MATERIAL SHOWN
━━━━━━━━
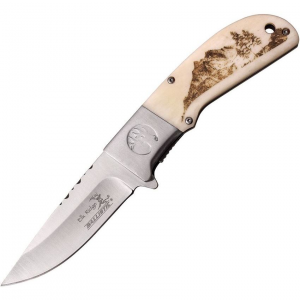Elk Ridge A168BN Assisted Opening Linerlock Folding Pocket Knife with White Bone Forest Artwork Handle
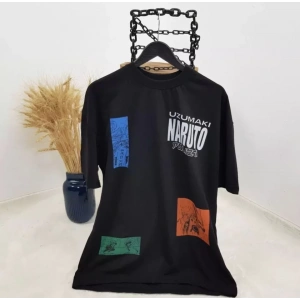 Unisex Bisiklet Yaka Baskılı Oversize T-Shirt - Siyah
━━━━━━━━
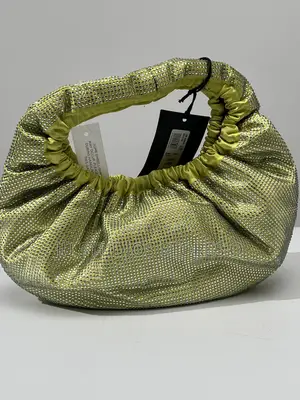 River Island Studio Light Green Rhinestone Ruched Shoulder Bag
━━━━━━━━
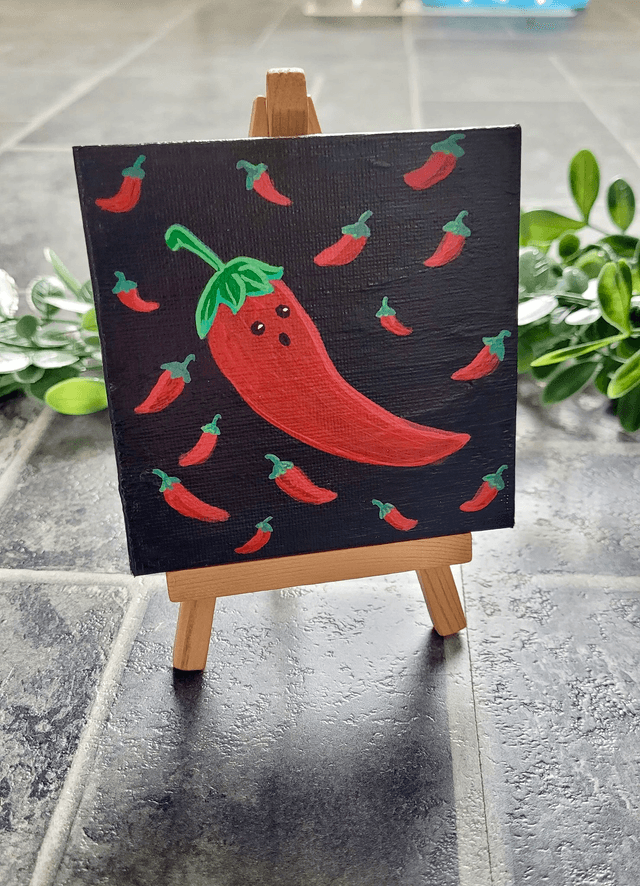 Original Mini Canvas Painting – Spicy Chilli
━━━━━━━━
WHAT THIS TASK INVOLVES
Copy word for word the span of the records above that begins at the line with "Elk Ridge A168BN" and ends at the line with "Unisex Bisiklet Yaka", including those two lines but not the pictures.

THE ANSWER
Elk Ridge A168BN Assisted Opening Linerlock Folding Pocket Knife with White Bone Forest Artwork Handle
 Unisex Bisiklet Yaka Baskılı Oversize T-Shirt - Siyah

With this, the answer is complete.